My Projects

Please note that now I am currently working on restructuring my GitHub Profile and Repos, new contents will be available very soon!

Contents are reworking for better presentation.

Research Interest

I am interested in studying the difference and sentiment analysis of Cantonese and English Text in social media like FaceBook, Twitter etc. It is part of the technique of Natural Language Processing and I would love to explore their difference.

Current Projects

Twitter Tweet Text Classification Project

Live Personal Project

I am currently working on the data extraction using Twitter API v2 to extract recent and past tweets on various topics.

After data collection stage, it is time to apply preprocessing to data and perform some NLP techniques for further data and sentiment analysis of Twitter Text, classification and other insights.

Past Projects

Group Machine Learning Project

I lead a group of students working on small and medium size of machine learning and deep learning projects on real world data set, ideas from kaggle.com.

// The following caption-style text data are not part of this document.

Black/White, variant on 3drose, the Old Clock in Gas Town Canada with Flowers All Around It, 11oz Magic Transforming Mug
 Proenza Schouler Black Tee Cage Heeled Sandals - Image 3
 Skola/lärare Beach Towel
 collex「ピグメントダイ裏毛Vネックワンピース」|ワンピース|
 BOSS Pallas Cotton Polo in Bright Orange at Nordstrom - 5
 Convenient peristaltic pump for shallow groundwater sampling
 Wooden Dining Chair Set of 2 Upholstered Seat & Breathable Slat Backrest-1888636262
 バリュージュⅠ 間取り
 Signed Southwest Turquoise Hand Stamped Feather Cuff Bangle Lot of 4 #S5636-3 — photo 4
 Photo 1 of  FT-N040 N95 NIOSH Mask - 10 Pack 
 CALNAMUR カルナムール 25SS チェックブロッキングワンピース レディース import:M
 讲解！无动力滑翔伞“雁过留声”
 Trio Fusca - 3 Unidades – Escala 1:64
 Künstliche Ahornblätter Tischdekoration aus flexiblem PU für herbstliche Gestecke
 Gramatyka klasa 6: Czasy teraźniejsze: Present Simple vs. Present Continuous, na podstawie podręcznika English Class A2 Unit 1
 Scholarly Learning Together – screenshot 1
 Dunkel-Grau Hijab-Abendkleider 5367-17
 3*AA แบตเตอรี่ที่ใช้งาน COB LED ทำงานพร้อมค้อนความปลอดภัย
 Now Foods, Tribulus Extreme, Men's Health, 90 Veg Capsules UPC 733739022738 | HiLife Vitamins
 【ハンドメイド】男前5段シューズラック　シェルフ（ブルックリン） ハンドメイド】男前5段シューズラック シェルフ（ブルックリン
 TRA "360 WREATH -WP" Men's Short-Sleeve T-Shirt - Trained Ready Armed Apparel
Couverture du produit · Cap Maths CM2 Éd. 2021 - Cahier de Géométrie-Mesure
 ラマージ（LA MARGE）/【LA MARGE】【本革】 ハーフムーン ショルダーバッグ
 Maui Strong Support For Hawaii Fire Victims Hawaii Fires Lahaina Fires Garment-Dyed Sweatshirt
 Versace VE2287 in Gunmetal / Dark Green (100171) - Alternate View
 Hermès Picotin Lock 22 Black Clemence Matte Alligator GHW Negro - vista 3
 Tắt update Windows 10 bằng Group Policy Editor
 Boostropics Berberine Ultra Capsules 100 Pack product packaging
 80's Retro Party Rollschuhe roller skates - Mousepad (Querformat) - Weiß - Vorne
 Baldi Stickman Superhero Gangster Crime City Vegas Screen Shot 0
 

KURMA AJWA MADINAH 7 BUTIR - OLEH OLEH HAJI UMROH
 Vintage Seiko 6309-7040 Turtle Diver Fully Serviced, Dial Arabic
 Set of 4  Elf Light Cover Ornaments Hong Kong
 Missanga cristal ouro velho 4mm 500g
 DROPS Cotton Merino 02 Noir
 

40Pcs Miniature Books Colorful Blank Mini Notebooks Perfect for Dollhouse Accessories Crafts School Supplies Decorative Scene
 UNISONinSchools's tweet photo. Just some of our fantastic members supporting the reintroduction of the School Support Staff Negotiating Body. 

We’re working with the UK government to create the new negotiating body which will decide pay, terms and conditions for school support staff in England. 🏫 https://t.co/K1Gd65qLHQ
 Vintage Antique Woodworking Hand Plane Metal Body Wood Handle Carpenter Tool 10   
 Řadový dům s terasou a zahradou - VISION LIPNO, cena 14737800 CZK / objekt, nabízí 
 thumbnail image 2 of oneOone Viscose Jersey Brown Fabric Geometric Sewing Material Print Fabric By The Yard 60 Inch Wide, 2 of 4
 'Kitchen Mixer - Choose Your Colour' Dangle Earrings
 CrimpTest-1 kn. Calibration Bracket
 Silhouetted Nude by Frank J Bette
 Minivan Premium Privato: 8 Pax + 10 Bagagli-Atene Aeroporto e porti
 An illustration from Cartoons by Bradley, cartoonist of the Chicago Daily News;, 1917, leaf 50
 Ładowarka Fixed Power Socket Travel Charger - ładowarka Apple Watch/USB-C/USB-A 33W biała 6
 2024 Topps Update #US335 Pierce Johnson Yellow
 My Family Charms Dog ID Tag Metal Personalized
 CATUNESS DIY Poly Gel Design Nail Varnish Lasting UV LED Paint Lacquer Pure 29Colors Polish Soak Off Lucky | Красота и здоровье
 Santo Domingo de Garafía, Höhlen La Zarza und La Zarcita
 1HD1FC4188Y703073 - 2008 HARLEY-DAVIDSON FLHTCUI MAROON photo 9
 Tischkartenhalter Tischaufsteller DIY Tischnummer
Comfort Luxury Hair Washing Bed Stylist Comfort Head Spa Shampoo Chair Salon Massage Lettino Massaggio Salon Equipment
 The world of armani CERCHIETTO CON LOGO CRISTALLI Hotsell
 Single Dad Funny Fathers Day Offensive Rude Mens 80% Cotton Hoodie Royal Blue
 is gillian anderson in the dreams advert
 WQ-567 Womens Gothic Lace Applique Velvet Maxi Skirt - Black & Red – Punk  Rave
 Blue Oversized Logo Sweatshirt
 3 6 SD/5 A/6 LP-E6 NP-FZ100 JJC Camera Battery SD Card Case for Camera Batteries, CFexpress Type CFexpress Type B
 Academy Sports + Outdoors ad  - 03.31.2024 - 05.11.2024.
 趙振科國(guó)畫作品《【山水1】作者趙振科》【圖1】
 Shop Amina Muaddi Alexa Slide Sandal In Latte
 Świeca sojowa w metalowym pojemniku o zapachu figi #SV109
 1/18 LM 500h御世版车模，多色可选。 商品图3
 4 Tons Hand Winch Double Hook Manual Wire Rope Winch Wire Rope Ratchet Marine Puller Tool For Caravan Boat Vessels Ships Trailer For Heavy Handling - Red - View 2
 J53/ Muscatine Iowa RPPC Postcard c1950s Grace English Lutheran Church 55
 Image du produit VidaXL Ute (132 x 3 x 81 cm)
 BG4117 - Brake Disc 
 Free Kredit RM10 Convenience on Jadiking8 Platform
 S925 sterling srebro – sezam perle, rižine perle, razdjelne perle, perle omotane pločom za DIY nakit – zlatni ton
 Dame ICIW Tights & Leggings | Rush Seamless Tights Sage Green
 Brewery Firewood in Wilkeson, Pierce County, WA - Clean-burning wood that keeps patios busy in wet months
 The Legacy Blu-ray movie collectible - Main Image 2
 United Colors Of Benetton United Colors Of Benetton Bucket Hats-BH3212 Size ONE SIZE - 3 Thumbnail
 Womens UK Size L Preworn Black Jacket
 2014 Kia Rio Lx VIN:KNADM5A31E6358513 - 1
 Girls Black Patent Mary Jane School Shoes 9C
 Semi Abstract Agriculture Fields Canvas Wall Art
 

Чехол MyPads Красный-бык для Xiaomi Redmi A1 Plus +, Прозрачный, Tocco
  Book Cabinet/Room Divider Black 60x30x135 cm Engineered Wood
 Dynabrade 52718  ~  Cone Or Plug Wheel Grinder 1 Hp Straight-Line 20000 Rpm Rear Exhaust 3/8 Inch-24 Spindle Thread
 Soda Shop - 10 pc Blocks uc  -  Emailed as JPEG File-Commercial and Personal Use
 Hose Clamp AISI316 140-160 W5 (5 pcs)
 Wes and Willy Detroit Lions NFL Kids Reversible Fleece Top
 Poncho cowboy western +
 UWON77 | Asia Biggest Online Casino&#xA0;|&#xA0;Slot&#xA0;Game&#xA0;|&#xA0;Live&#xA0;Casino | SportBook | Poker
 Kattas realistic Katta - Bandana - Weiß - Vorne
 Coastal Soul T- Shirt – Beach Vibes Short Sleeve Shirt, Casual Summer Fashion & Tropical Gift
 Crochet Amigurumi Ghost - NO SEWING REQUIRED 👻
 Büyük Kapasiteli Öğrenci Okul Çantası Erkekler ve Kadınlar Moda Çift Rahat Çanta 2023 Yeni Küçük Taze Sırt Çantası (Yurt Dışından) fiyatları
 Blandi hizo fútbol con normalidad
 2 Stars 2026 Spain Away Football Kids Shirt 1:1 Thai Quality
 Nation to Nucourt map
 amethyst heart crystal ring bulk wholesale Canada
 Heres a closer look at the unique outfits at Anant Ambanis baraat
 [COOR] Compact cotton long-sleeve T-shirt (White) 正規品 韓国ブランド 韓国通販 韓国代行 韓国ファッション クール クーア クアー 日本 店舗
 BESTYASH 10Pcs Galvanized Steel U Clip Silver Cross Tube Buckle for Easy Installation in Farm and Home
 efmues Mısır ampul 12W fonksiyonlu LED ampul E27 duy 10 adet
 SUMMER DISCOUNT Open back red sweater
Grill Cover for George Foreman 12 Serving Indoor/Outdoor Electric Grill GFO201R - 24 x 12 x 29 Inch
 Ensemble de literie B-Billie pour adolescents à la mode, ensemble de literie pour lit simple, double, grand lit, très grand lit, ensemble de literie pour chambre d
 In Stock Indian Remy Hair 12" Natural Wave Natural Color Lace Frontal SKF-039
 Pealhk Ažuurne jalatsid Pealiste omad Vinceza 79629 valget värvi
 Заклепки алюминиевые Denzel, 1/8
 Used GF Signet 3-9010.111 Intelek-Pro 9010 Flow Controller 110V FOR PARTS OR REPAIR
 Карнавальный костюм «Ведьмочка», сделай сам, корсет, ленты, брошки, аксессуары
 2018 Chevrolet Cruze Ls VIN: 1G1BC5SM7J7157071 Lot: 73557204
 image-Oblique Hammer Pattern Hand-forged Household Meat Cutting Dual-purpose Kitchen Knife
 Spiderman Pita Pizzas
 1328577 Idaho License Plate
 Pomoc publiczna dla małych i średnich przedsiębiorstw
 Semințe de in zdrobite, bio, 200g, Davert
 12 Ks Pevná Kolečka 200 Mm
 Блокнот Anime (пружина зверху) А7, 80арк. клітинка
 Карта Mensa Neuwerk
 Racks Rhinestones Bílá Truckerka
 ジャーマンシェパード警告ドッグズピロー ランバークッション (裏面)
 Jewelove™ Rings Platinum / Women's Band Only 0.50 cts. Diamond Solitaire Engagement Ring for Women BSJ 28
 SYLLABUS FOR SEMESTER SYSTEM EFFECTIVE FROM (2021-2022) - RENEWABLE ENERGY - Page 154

We will regularly meet on Zoom on every Monday evening for progress update and lead some tutorials. For conversations and group chat we use Slack for communication.

Event and Location Based Twitter Text Classification

This is the project that I am currently working on. My goal is to analyze the text in Social Media (In this case, Twitter), based on the user’s location and classify the event the user is mentioning, to see if there are any relationship with some variables, for example, Location, Time, Events, Level of Interest, Sentiment etc.

Current phase of this project is in data collection, data wrangling and pre-processing the text data.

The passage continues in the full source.